13 Dec 2025
Author: Daniel F. Chambliss
Original Link: academics.hamilton.edu/documents/themundanityofexcellence.pdf
The Mundanity of Excellence
My reflections
Excellence is mundane: accomplished through doing actions that are ordinary on their own but stack up over time
- Every time a decision comes up, the qualitatively “correct” choice will be made. The action, in itself, is nothing special; the care and consistency with which it is made is.
- Just increasing sheer time and hoping things will improve will NEVER lead you to excellence
- In the pursuit of excellence, maintaining mundanity is the key psychological challenge
The mundanity of excellence is everywhere.
- For e.g. in writing: First, writing consistently. Then, improving one thing at a time
- Or for e.g, In working out: just doing the same thing for more time will not get you there. You need to make the qualitatively correct choices.
- Or for e.g. in chess: me just playing a few games every day will not improve your game. Learn more puzzles, learn more openings, practice different variations. Find the things that will qualitatively improve your game and drive you to excellence.
Talent is useless. Finding motivation in “big dreams” is useless. Find the small wins, get them consistently.
All notes
What is excellence: the note defines it as “consistent superiority of performance”
What is not a source of excellence:
- Not a product of socially deviant personalities (oddballs, loners etc)
- Not a result of “quantitative” changes in behaviour. For e.g. increased training time does not make one swim fast. Simply doing more of the same will not make you level up
- Not a result of some special inner quality of the athlete (talent/gift/natural ability)
- This one is specially important bcz these terms are used to mystify the process of achieving excellence and used as a shield for our lack of outcome.
- “To call someone divine means ‘here we do not have to compete’”
What, therefore, is a source of excellence:
- Qualitative differentiation (could be technique, competing in different types of meet)
- One myth to break is that olympic level swimmers don’t just swim more hours or attend more workouts. They start doing this but only after say national level status is achieved, not a result of it.
- They just do things differently: Their strokes are different, their attitudes are different, their group of friends are different; their parents treat the sport differently, the swimmers prepare differently for their races, and they enter different kinds of meets and events.

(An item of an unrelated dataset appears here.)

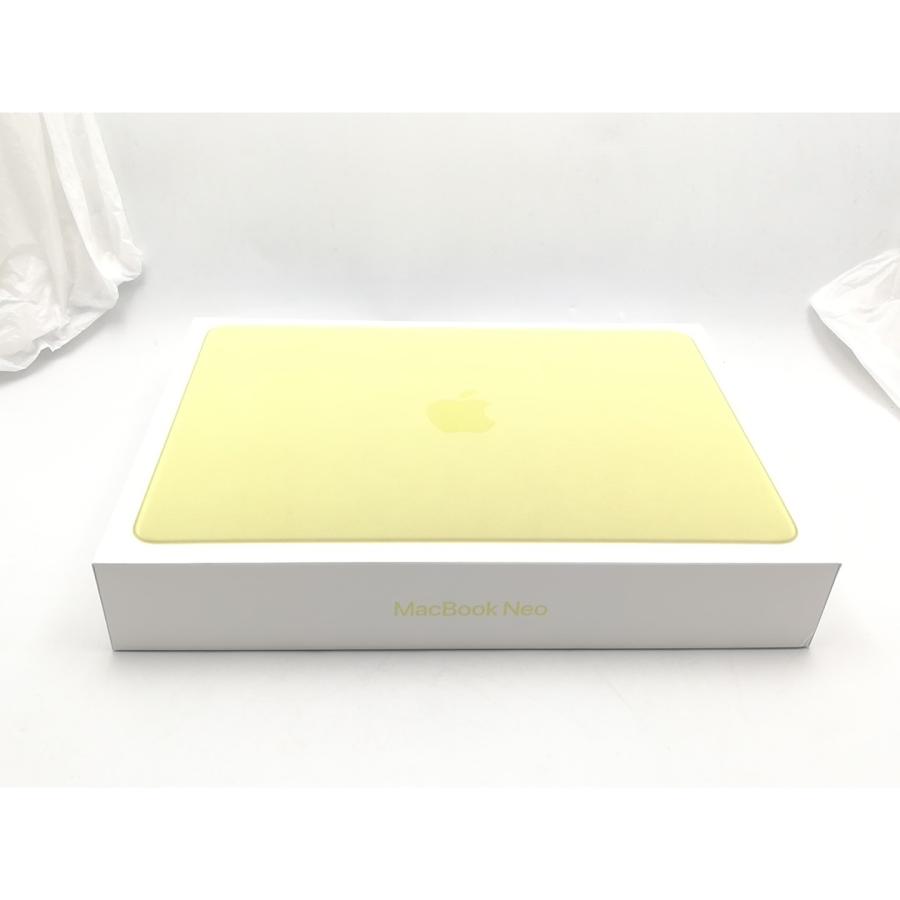 未使用】Apple MacBook Neo 13インチ A18 Pro(CPU:6C/GPU:5C) 8GB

- “Their energy is carefully channeled”
- “Never sloppy in practice, never sloppy in events”
- Three things they do differently: Technique, Discipline, Attitude - they are not suffering. In fact they truly enjoy what others think suffering.

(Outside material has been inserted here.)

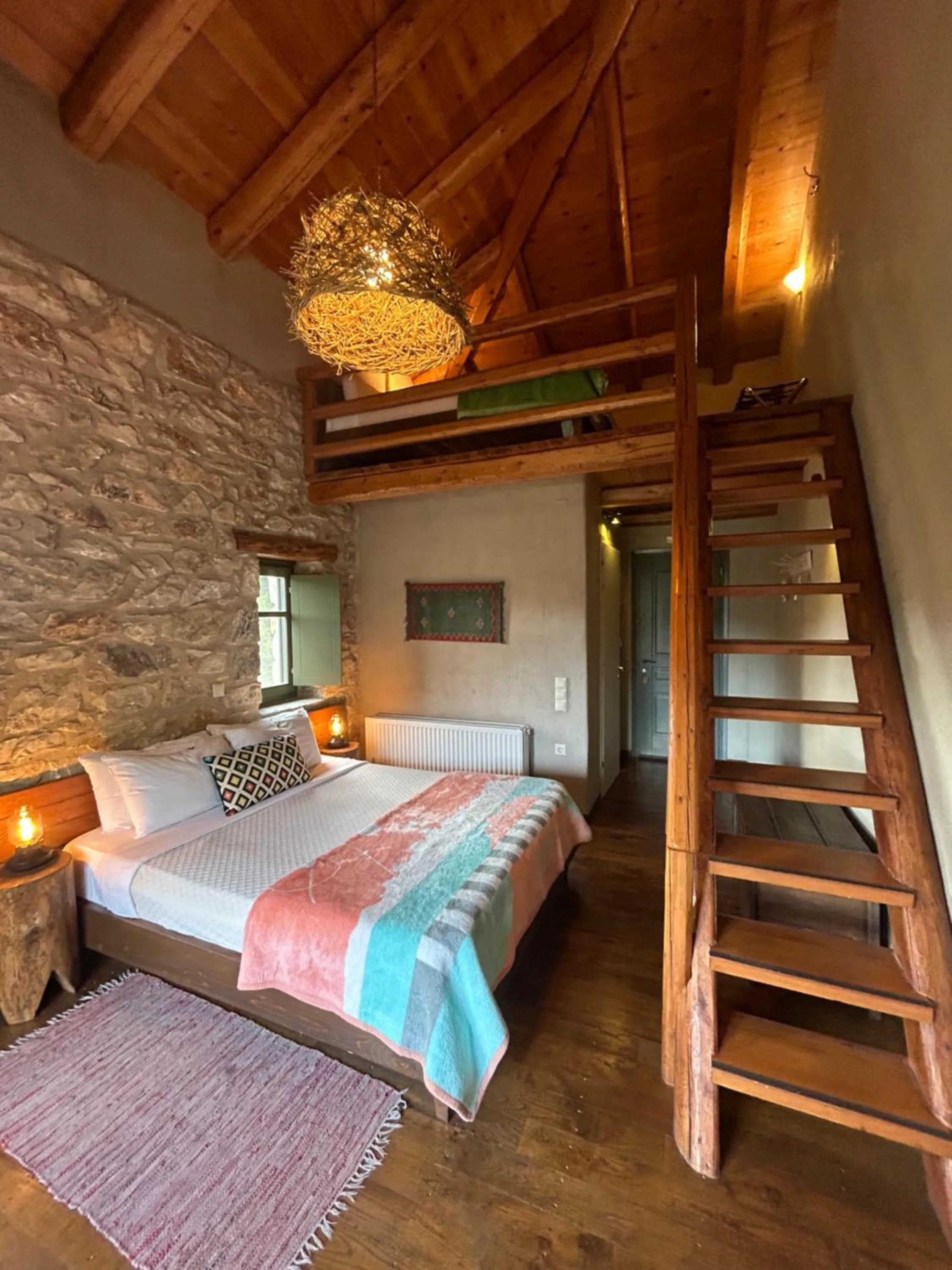 Photo of the whole room, Bed in Pritanio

You will not “work your way up” to excellence by just accumulating sheer time in your field.
- You don’t increase your amount of work, but rather change the kind of work
- This typically happens by a step change in your life - change your coach, friend circle etc.
Climbing towards excellence is jumping in discrete steps, not a long continuous road of improvement. What that means is, same effort doesn’t just keep linearly increasing.
- Excellence is mundane:
- The tiny things done consistently and mastered to perfection
- Motivation is mundane too: you can feel inspired by the big goal for a few days but the day to day needs to be interesting/exciting for you. Similar to how, you can’t beat someone for whom work is play.
- And this then should lead to small wins. That is what keeps the momentum going
- In the pursuit of excellence, maintaining mundanity is the key psychological challenge
There is no secret; there is only the doing of all those little things, each one done correctly, time and again, until excellence in every detail becomes a firmly ingrained habit, an ordinary part of one’s everyday life.